The week before last David accompanied me on a journey to the South Island so I could interview some of the key players to get an understanding of how they see the programme. (That's why David's birthday dinner was in Fairlie - a beautiful place that we need to bring the CROW when we come back from the UK.)

And then this week, I came home from the South Island on Thursday night after being away since Sunday lunchtime, and thought I would sleep in the next morning - but no: the brain will not stop, dammit! And the same this morning - I went off for my flu shot and took a notebook with me - after all there is an obligatory 20 minute wait after the jab to ensure no ill effects. So that 20 minutes was used to draw up diagrams showing the relationships between some of the workstreams. (And I had started drawing up the diagrams before David delivered a cup of tea and brekkie to me in bed.)

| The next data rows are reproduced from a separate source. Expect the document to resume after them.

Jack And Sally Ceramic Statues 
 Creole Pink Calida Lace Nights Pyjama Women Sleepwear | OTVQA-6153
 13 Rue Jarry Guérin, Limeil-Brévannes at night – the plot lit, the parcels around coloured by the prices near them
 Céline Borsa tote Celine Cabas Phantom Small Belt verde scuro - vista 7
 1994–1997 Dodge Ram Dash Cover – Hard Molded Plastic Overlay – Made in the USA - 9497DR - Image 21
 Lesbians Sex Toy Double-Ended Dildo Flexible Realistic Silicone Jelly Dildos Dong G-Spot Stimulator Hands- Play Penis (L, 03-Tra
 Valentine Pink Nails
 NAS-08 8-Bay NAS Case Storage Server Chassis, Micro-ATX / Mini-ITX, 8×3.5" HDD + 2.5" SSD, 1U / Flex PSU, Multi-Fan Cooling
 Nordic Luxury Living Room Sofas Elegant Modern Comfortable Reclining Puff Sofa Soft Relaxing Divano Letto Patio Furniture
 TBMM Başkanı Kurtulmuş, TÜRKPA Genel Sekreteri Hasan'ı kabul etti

This is a serious affliction I am suffering from, people! Currently, I am meant to be having a rest - and can I relax? Nope!!

However things may improve tomorrow - Sarah, who has worked with me lots previously, is on board as my documentation specialist, and she is arriving tomorrow so we can start hauling together a first draft of the Programme Management Plan - it'll be skeletal, but the skeleton will show where flesh is needed and what form the flesh needs to take.

I still have lots of the output from the workshops to type up so I will do more of that tomorrow and hopefully break the back of it. The participants do note (but not in a complaining way) that I work them very hard in the workshops. Silly me! If I pushed them less, I would not have so much to do afterwards. Note to self: ease up on the Attila the Hun style ...

OK, now I had better release David from the exile - I put a big note on the bedroom door for him not to disturb me as I was sleeping. Seeing as that is not true, best I let him know!